▸ **WHAT THE TASK REQUIRES**: Everything in the listing should be set down exactly, apart from the pictures.

▸ **RECORDED INFORMATION**:
━━━

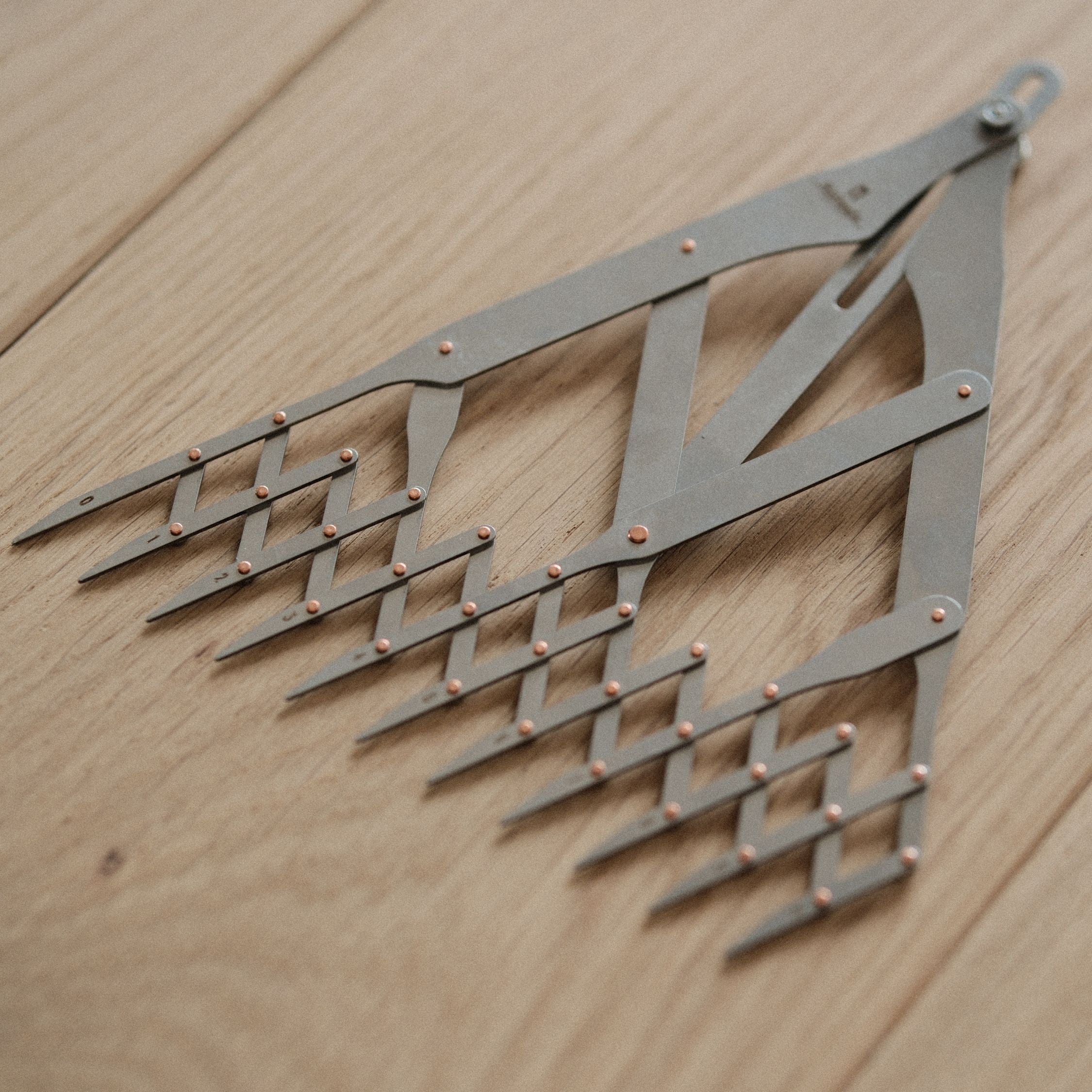 Crafted in collaboration with Nattools, this 3-piece Quick-Mark Divider Set offers precise, even spacing for stitching, punching, and rivet alignment. Made from 301EH stainless steel with locking design, perfect for both beginners and professional leather studios.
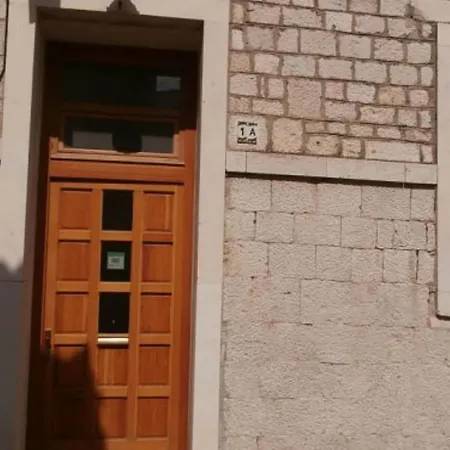 Klaudija S Charming & - Two Bedroom شقة تروغير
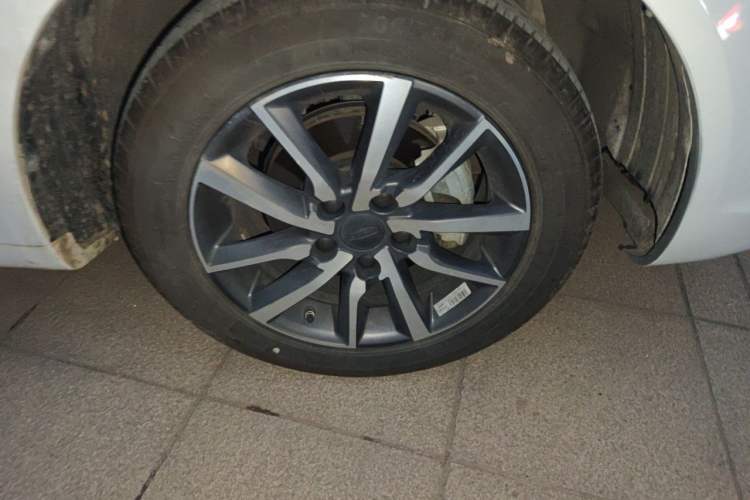 Used Geely Auto Emgrand 2020 1.5L CVT Upward Version Right Front Wheel Hub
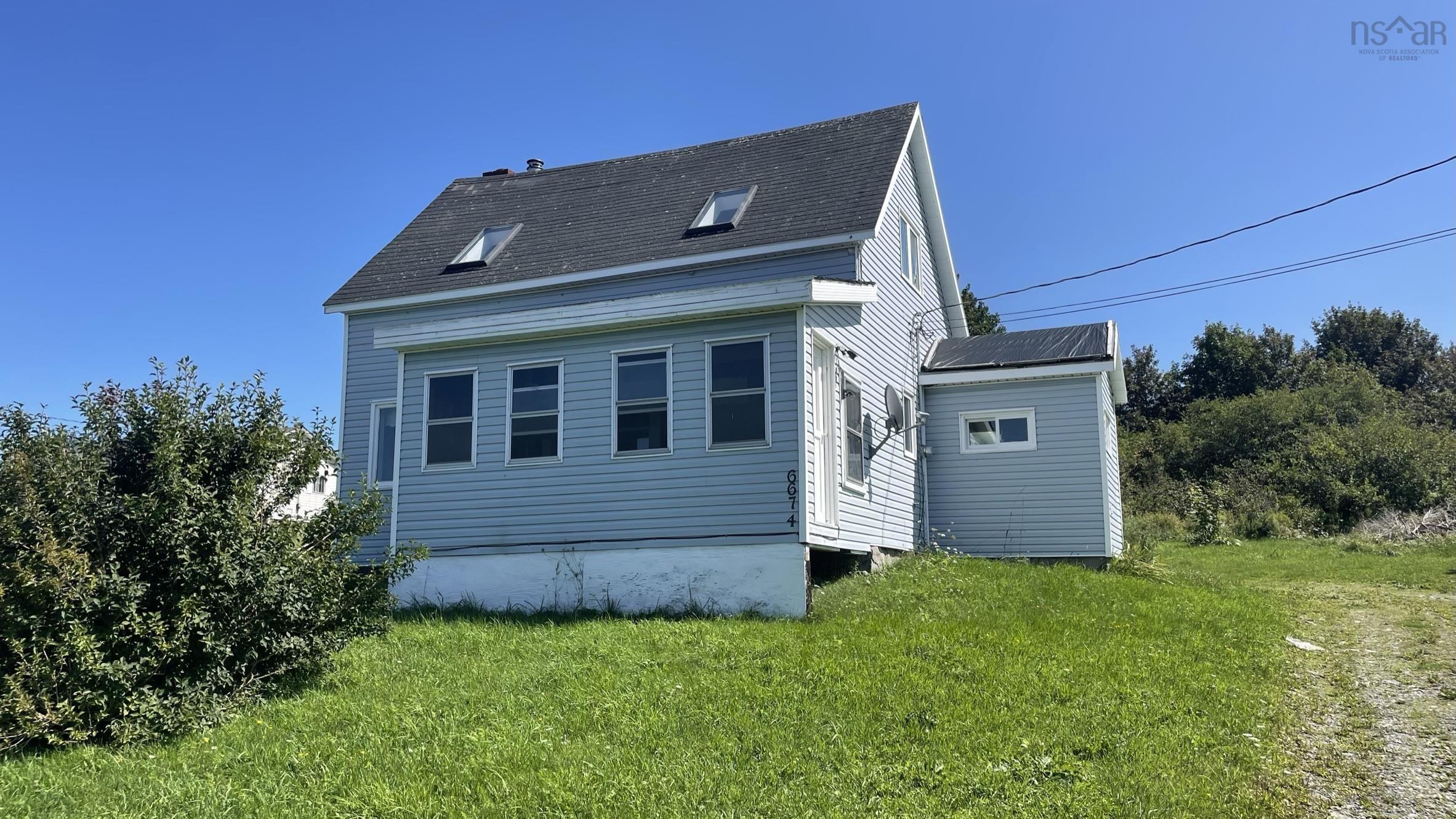 $158,000.00: 6674 Highway 101, Gilberts Cove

━━━

▸ **SOLUTION**:
 Crafted in collaboration with Nattools, this 3-piece Quick-Mark Divider Set offers precise, even spacing for stitching, punching, and rivet alignment. Made from 301EH stainless steel with locking design, perfect for both beginners and professional leather studios.
 Klaudija S Charming & - Two Bedroom شقة تروغير
 Used Geely Auto Emgrand 2020 1.5L CVT Upward Version Right Front Wheel Hub
 $158,000.00: 6674 Highway 101, Gilberts Cove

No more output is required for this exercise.